As Wright tweaks linear time (the device of the opening scene recurs later as well), he and director Dexter Bullard also do so with the play’s physical space, overlapping and interpenetrating its locations. The whole thing takes place in a motel suite, simultaneously Steve and Sara’s home and Sam’s identical suite next door. Sam may be sitting at the table and Sara on the couch, only a few physical feet away but narratively not in the same room.  Beowulf Boritt’s slightly dizzying but very clever set is constantly, subtly, rotating; the doors (one to the exterior, one to some sort of patio or balcony) pivot on one turntable and the interiors of the room on another, so perspective and relational geometry are constantly shifting.

But on another level, the structural contrivance, the fact that we know the central Christian character will ultimately become a murderer, can’t help but cast a shadow over the meaning and sincerity of his faith throughout. And the question of the genuineness of faith here is puzzling. I’m not sure whether Steve is meant to be a man whose very sincere faith--faith that did save him from some terrible life choices--is tested past what it can endure, or a small-minded, blinkered “Jesus freak” (as Karl calls him), who’s used religion as a crutch to avoid facing his own failures. That ambiguity isn’t helped by the casting of Paul Rudd. True, his effortless charm and unwavering likeability help to paper over the cracks in Steve and Sara’s marriage, and Steve’s flashes of scary anger, for a long time. There’s no question this guy could have talked a bank into selling him a big commercial property with almost no money down. But his evangelizing often feels more like the setup for a joke than a serious attempt to change beliefs--or, at least, if he is sincere, it doesn’t seem very likely that he’ll succeed given his choice of attempted converts, who are both more than a match for him. Karl’s rhetorical flourishes and elaborate stories (Ed Asner relishes every moment perhaps a little too much, though the role doesn’t really allow for subtlety) outdo Steve in grandeur, and Sam’s stalwart struggle to regain control of his life has infinitely more gravity (especially in the hands of Michael Shannon, who’s almost visibly pulling himself away from the abyss every moment).

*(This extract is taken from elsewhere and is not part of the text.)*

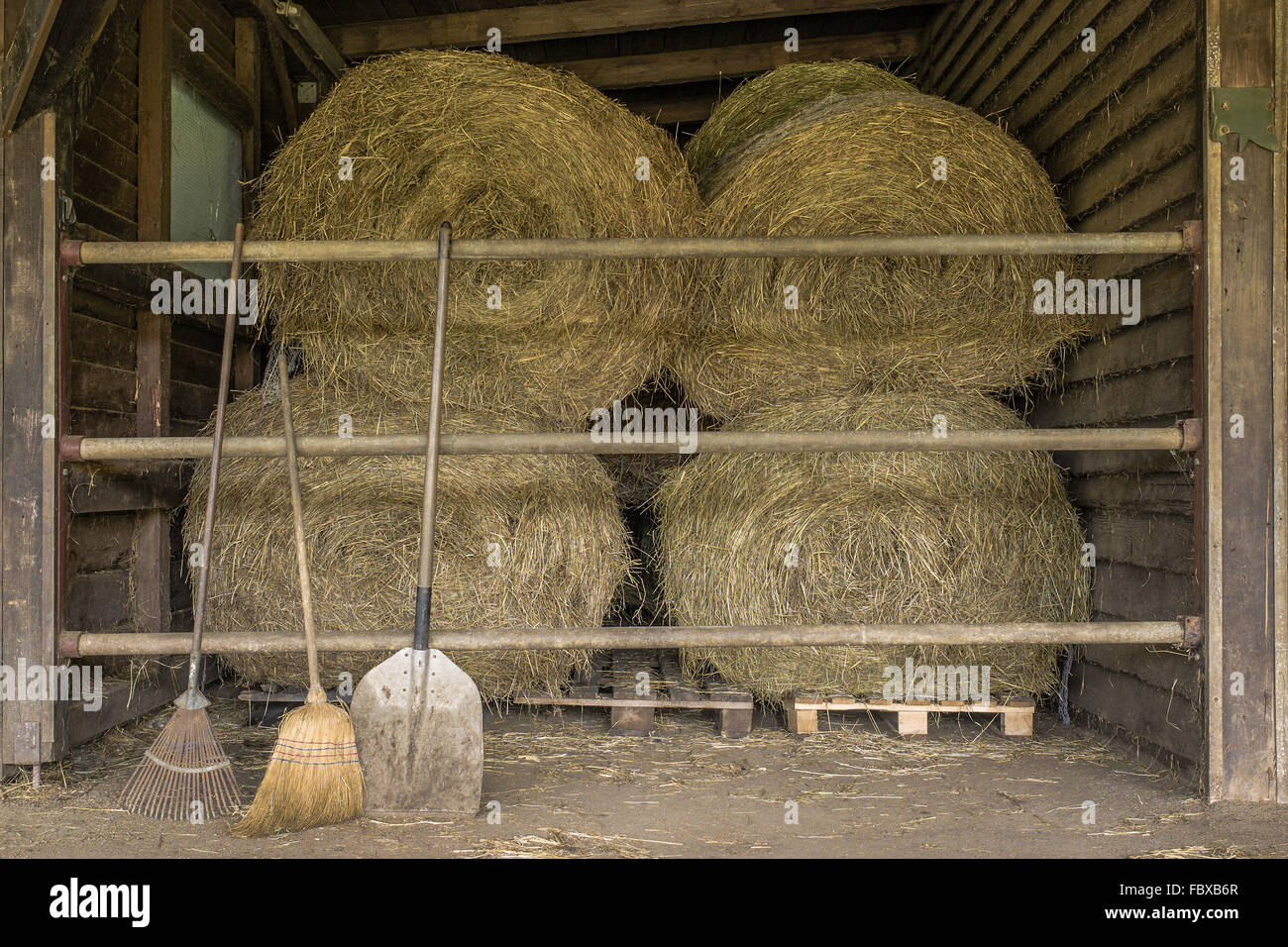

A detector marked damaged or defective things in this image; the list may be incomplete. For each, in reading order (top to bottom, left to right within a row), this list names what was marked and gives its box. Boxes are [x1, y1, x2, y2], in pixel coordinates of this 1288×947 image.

rusty metal bracket [1205, 87, 1277, 152]
rusty metal bracket [1179, 615, 1200, 652]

But it’s not just Rudd; I think Wright treats the journeys of his atheist characters, and especially of their moments of grace found outside of conventional religious structures, more respectfully than his religious ones. Karl and Sam have both faced challenges much greater than what’s facing Steve now, and they, in their nonbelief, have weathered them and even found glints of hope--yet Steve crumbles so quickly and completely, not just losing his faith but becoming a murderer. And Sara’s beliefs remain uninterrogated almost entirely, which makes her sometimes seem puppyish and naive despite Kate Arrington’s warmth and sincerity. We see her doubting her marriage, but not how that doubt might conflict or complicate her faith.

There is an incisive argument to be made--an argument that Sam even comes close to making, at one point--about the difference between faith and religion, about how the rigidity of institutional religion ultimately fails to instill the resilience that may come through grappling with one’s own beliefs, through living through tragedy without the (false) comfort of certainty in its place in a larger plan. But the game feels rigged here--both by the structure of the narrative and the way Steve and Sara’s beliefs are depicted--and that undercuts the impact of the play, and the argument. It’s meant to be a lesson, I think, that Steve snaps just as Sam and Karl, and perhaps even Sara, are finding those moments of grace of their own, but the fact that he falls so far, so quickly, serves more to question the seriousness of his beliefs than to emphasize the seriousness of their loss.